Neil G. Giuliano is an American gay rights activist. He was the former four-term Republican mayor (1994-2004) of Tempe, Arizona. He chaired the commission in charge of hosting the third debate of the 2004 United States presidential elections. He has served as President of the Gay and Lesbian Alliance Against Defamation (GLAAD) since September 1, 2005.
Question: What skills do you need to lead GLAAD?
Neil Giuliano: They're not very different from the skills you have to have to be a mayor of a city, in some ways. You have to have a vision and understand where you think the organization or the community needs to go. You need to be able to articulate that vision very well. You need to not get out of front of people but you need to bring other people along. That's my, the way that I approach, have approached any kind of leadership position I've ever been in, that I may know where I think we need to go but I'm going nowhere if I'm not bringing other people with me. So it's a way of sort of really helping people create what it is then we need them to support. And that's the way that I approach it.
Question: Who inspires your leadership?
Neil Giuliano: What's interesting is I don't look to necessarily the people who are in a big position or in- at the top of the ladder, so to speak. I look for people of influence and I look for whoever has influence in a particular situation really is the person or the group of people who are the leaders. Leadership isn't about holding an office or holding a job, it's about having influence over other people and then causing those other people to move towards doing something that makes things better; and that's the way I've always approached leadership. It's not about me in a particular office or a particular job, but it's about the influence I can have on other people for us all to accomplish something.
Question: What mistakes have you made in your time leading GLAAD?
Neil Giuliano: Oh. In my time at GLAAD? Well I've only been here about 2½ years so I don't know if I'm made a big enough, really, really big mistake yet. But certainly as a leader in public life, yes of course. I supported some big projects that ended up going nowhere, spent a lot of political capital on them. And then even deciding when I was the openly gay mayor in Tempe and I publicly spoke out against funding the Boy Scouts in my community through the city's United Way Campaign and questioned whether the city should be supporting the United Way Campaign that then was funding an organization that discriminates. Well that was pretty stupid of me because it led to a recall election, within my city. Now we won the recall election with 70% of the vote almost, but it cost my friends a lot of money and it was a full year of having to deal with the campaign of the recall election-- that was from 2000 to 2001. And what the folks who were driving the recall election were-- they knew they were never going to win the election, I think, but what they were really trying to do was cripple my ability to govern. They really tried to limit my ability in all sorts of things by having a recall election, having to deal with that. It ended up only making me stronger in the long run, but when I think back it would've been something nice to avoid.
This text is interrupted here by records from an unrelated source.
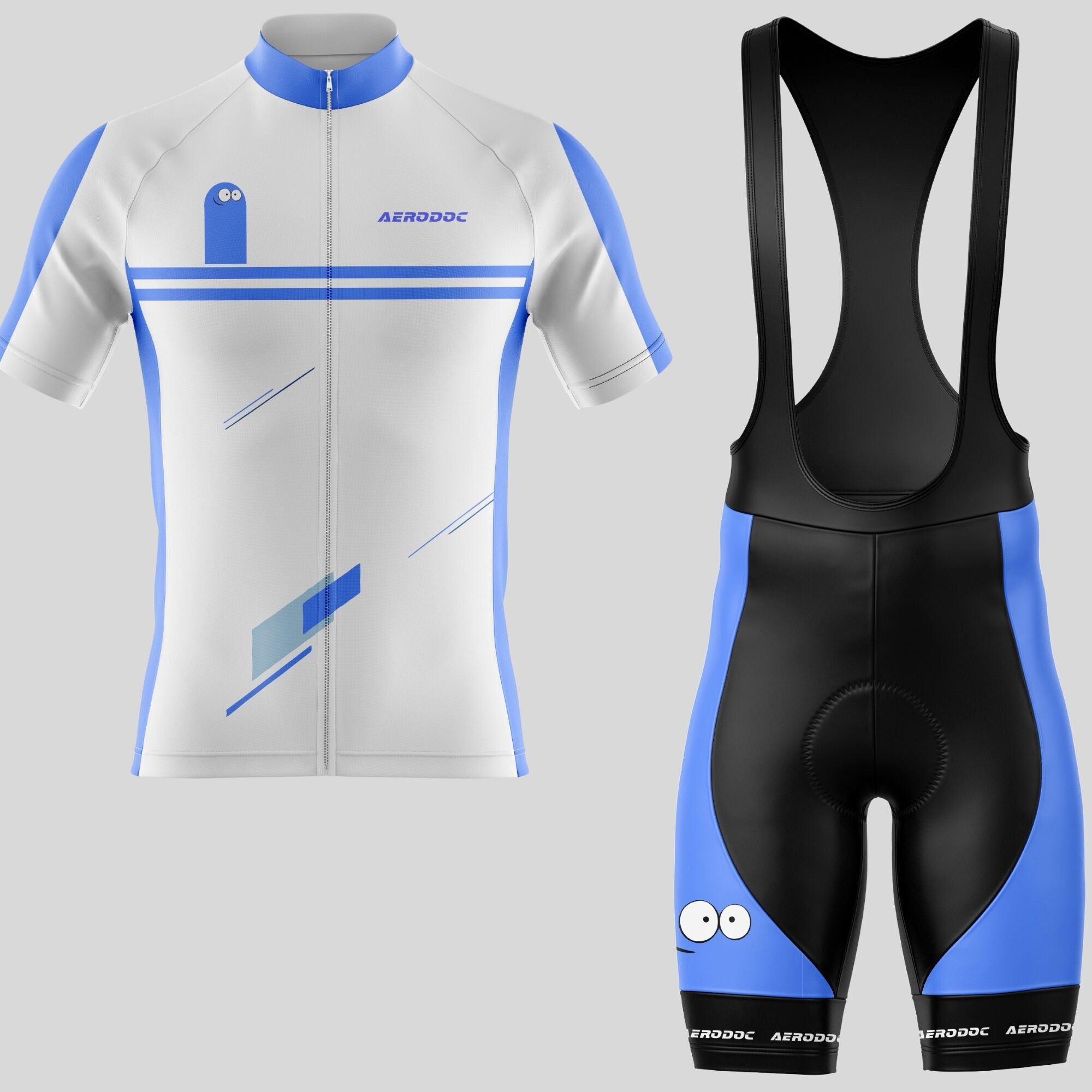 Aerodoc Smiley Blue White Cycling Jersey – Half & Full Sleeves, Matching Bib & Non-Bib Shorts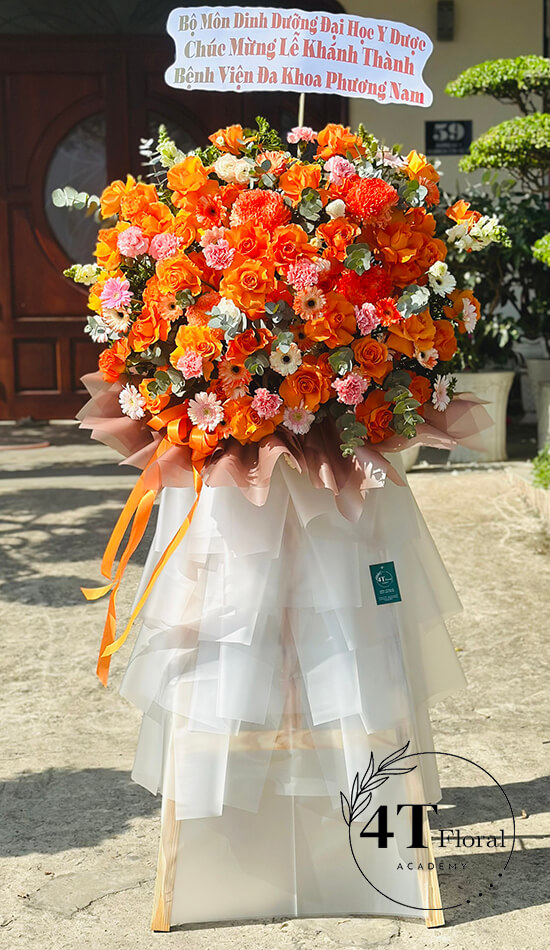 kệ hoa khai trương màu cam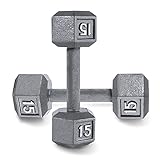 CAP Barbell Cast Iron Solid Hexagon Gray Dumbbells, Strength Training Free Weights Set of 2 for Women and Men, Hand Weights Sold by Pairs, from 1 to 120 LBS, Multi-Select Weight Size Options Available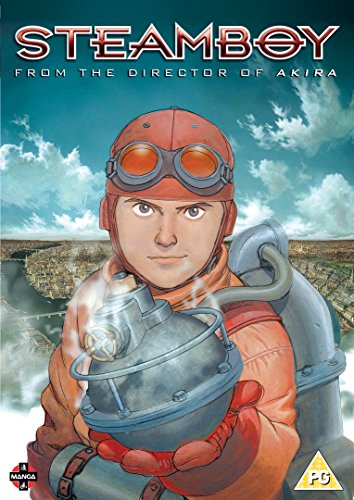 "Anime DVD cover featuring a man in orange holding a steaming metal device."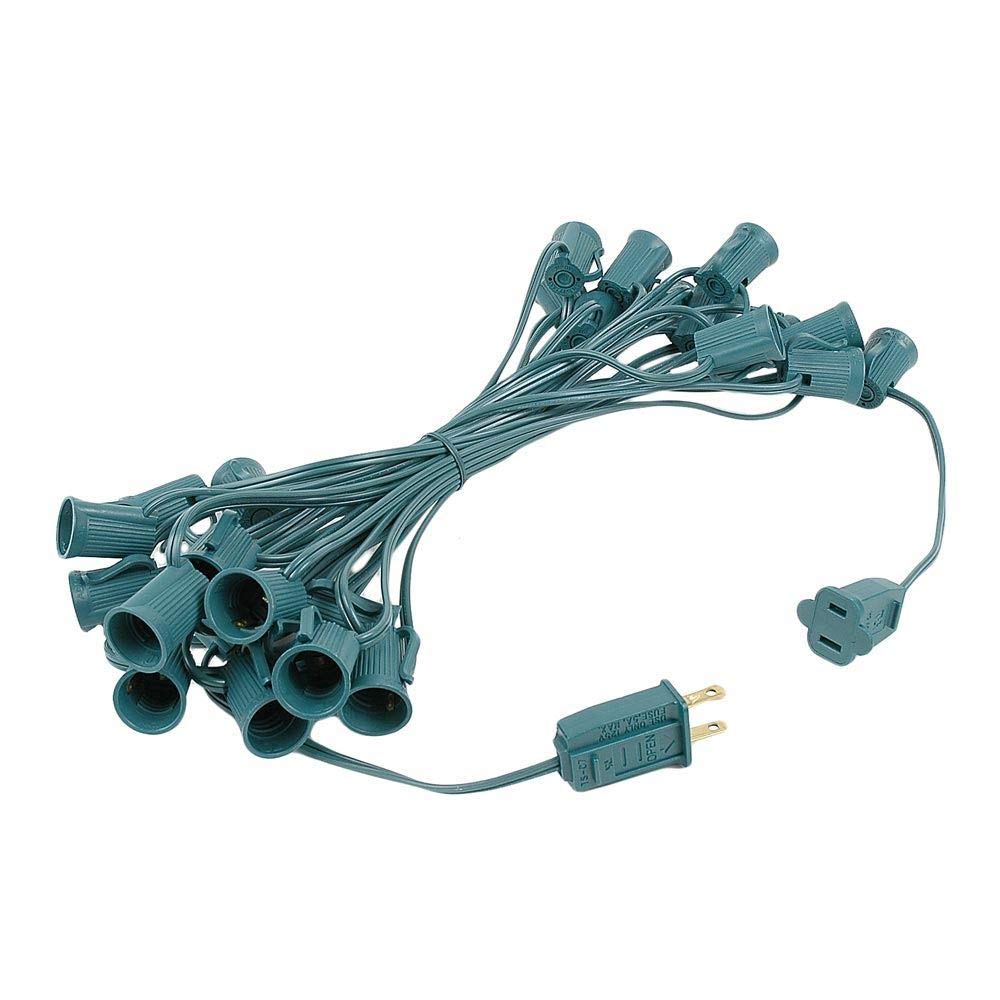 Novelty Lights 25 Foot C7 LED Outdoor Lighting Patio Christmas String Lights, Warm White, Green Wire, 25 Bulbs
Question: What’s one of the best decisions you’ve made as leader?
Neil Giuliano: I think one of the best decisions I probably ever made was to be very public about the need for a stronger public transportation system within the Greater Metropolitan Phoenix area and help lead the effort, way back in 1996, for a half cent sales tax, for a bus system, and for some of that money to go for light rail planning and construction, to now where in 2008, here it is 12 years later, the bus system's been implemented, Light Rail will actually open in the fall in the greater Phoenix area, which I think will be a very good thing; it's one of the fastest growing regional areas in the country. So I think my involvement with public transportation is clearly something that I think-- again spent a lot of political capital on but was something that'll be very long-lasting and good for the valley.
Question: Does faith inform your worldview?
Neil Giuliano: It does, in a spiritual sense. I was raised Roman Catholic, and while I wouldn’t call myself a practicing Roman Catholic anymore, I still have a great spiritual sense and great- my own personal religious beliefs. So yes, I would say so.